The bad thing about this is that we have only 11 (last year was 13) here, and the remote location has 79 (this is also the last year's count), but this 79 people is including the people in the factory who have nothing to do with the tool design. The people who are being audited is really less than 10% of the remote location (R&D department, QA department, management); however, Rules for achieving and maintaining IATF recognition does not calculate the remote location head count that way and they go by the percentage of manufacturing location vs. remote location head count.
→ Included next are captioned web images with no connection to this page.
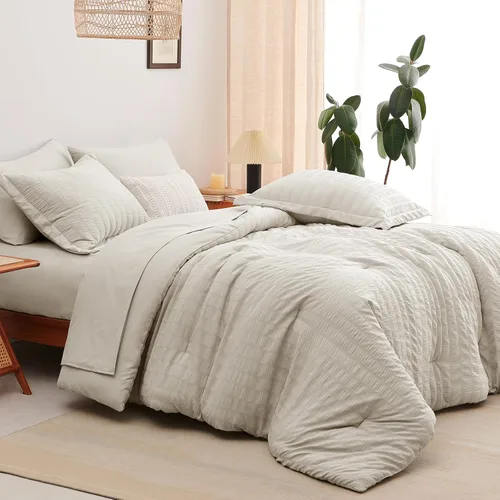 Miniatura 8 de CozyLux Juego de ropa de cama con edredón tamaño King Beige Seersucker de 7 piezas, juego de cama en una bolsa, con edredón, sábanas, fundas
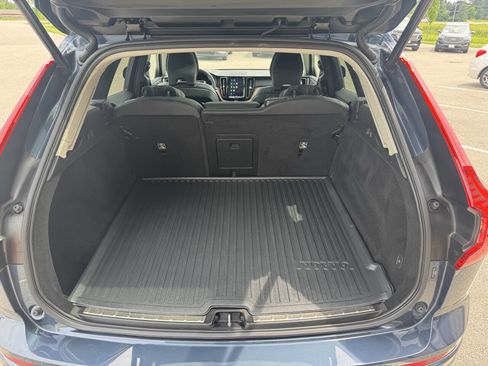 Used 2024 Volvo XC60 B5 Plus image 26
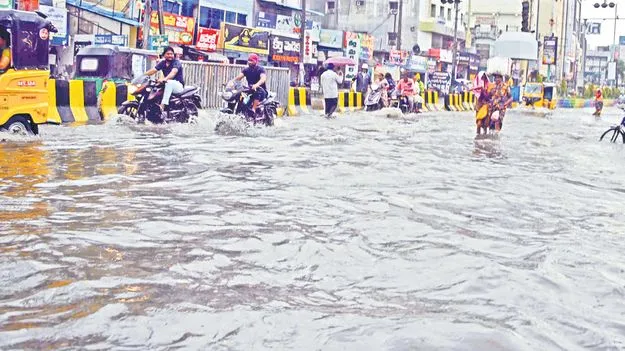 Heavy Rains: కుమ్మేసిన వాన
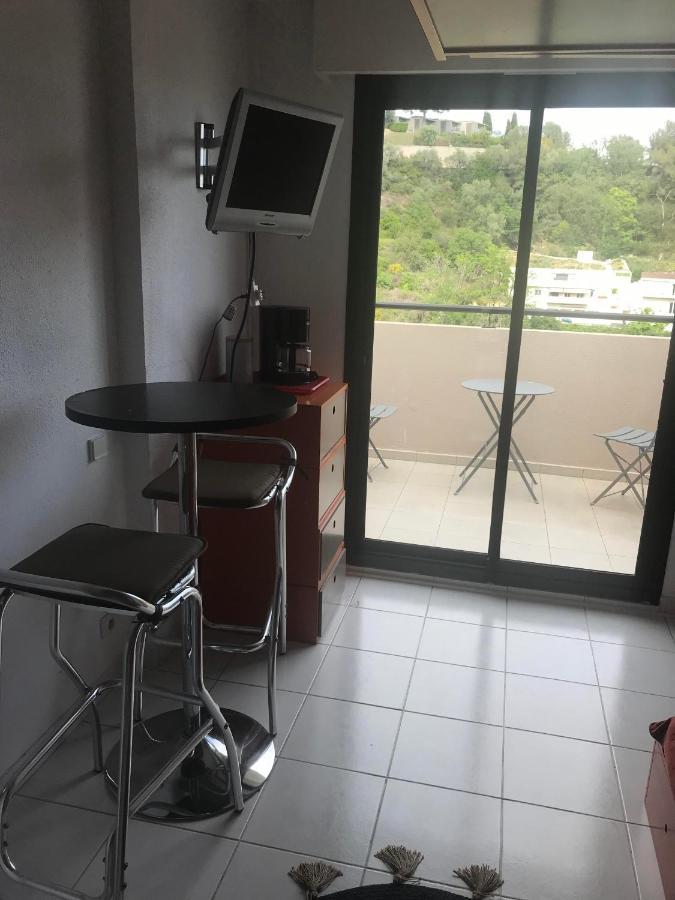 Joli Studio Vue Appartement *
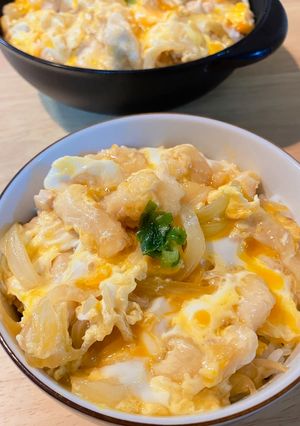 鶏胸肉のふわとろ親子丼😋めんつゆで簡単10分-レシピのメイン写真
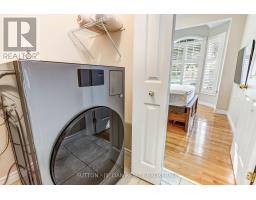 23 - 1574 RICHMOND STREET - 18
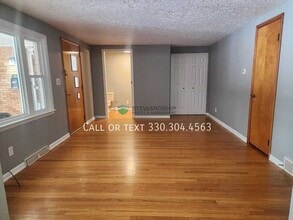 1107 Field St NW in Canton, OH - Building Photo - Building Photo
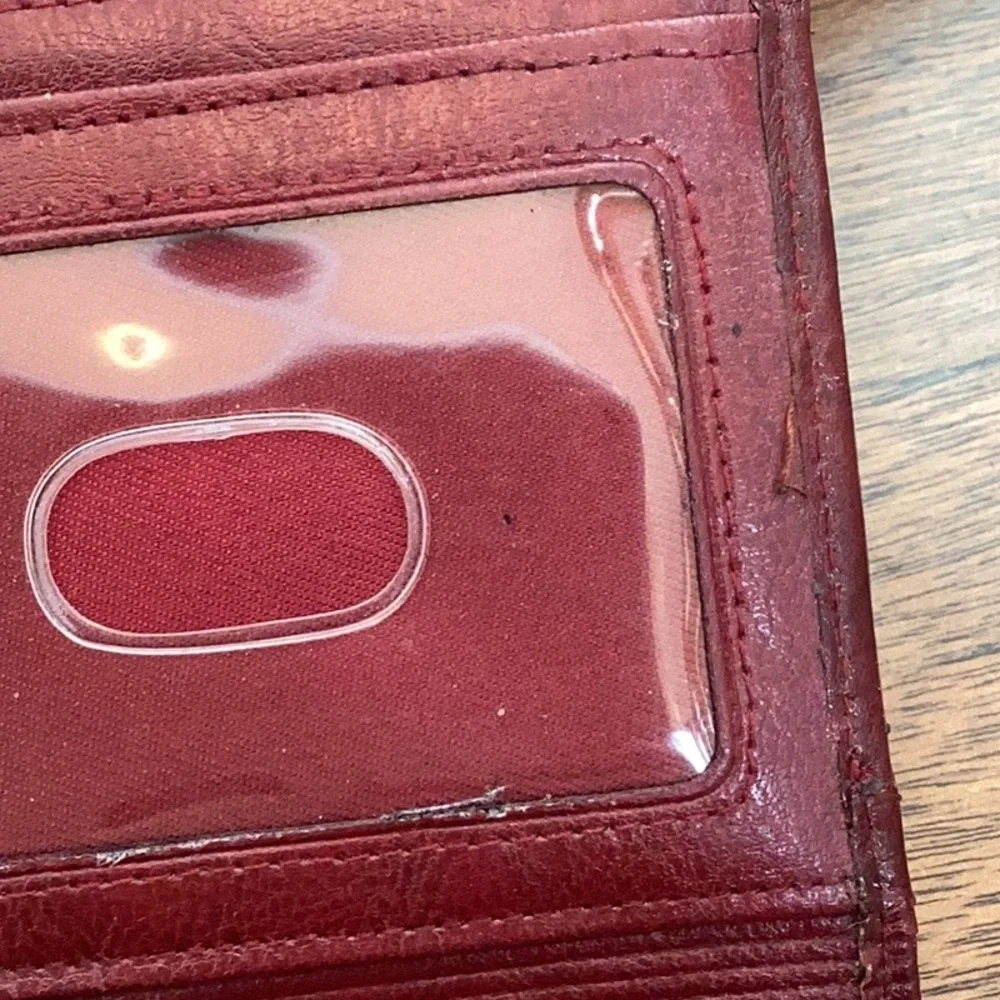 Fossil vintage red, soft genuine leather checkbook wallet - Picture 10 of 16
So, yes, you are right about the audit man-days.
In our case, it is only one manufacturing location that is being audited for ISO/TS 16949 (100% of manufacturing location) plus the remote location of 79 people, so technically, according to that book, it is 13+79=92 = 5.5 stage 2 audit days (divided by 2 surveillance audits in 3-year cycle with 15% reduction will be 2.33 surveillance audit days, rounded to closest 0.5 is 2.5 surveillance audit days) - which I don't necessarily agree with this calculation method in a case like ours (I hate when they do "one size fits all" method), but we have no choice because the rule is the rule.
I needed to confirm to make sure that this is done right, so thank you for your input.
You don't need to count all of the people at the remote location. The Rules says in 5.2e that you include "the number of relevant employees in supporting activities..." Also see the note on page 52 of showing an example calculation. It says: "Note: For remote supporting functions, only employees that support the manufacturing "Site" should be counted for the minimum audit day calculation."
So how many employees at the remote location actually provide support for the tool design?